> Instructions for the task
Once the line containing "women's ankle length" is found in the material below, it and every line after it should be transcribed exactly, with pictures left out and nothing added.

> Available data
---
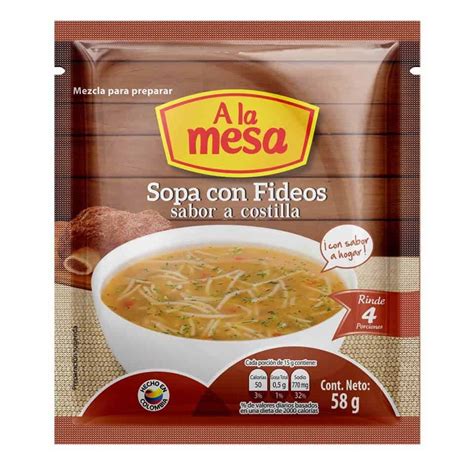 SOPA DE FIDEOS SABOR COSTILLA A LA MESA X 58 G. - Tiendas ara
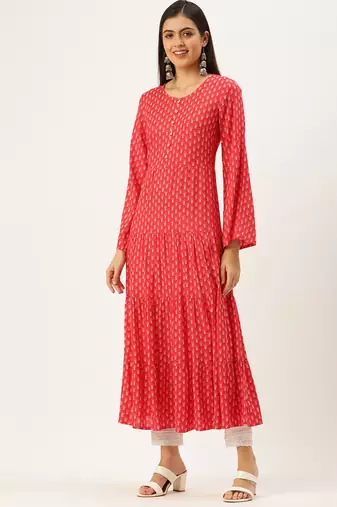 women's ankle length round neck pink ethnic motifs a-line kurta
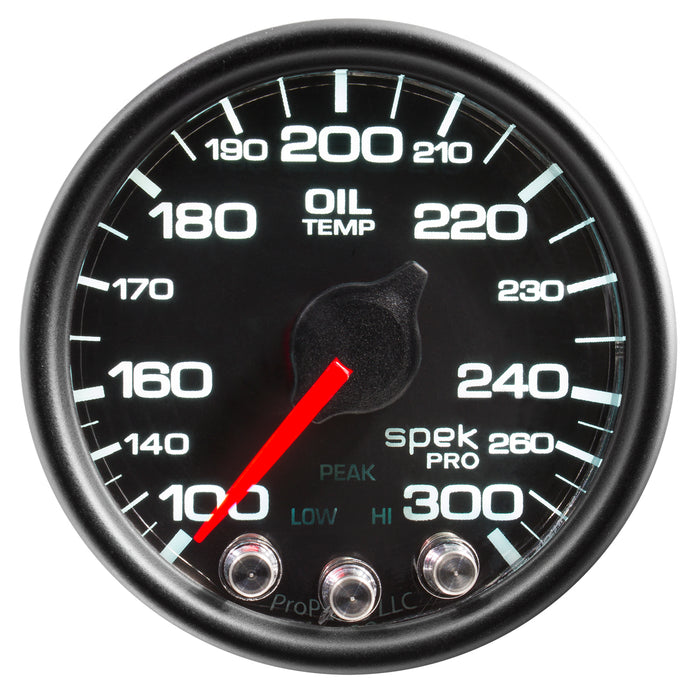 AutoMeter P32232 GAUGE; OIL TEMP; 2 1/16in.; 300deg.F; STEPPER MOTOR W/PEAK/WARN; BLK/BLK; SPEK-P - Truck Part Superstore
---
> Expected answer
 women's ankle length round neck pink ethnic motifs a-line kurta
 AutoMeter P32232 GAUGE; OIL TEMP; 2 1/16in.; 300deg.F; STEPPER MOTOR W/PEAK/WARN; BLK/BLK; SPEK-P - Truck Part Superstore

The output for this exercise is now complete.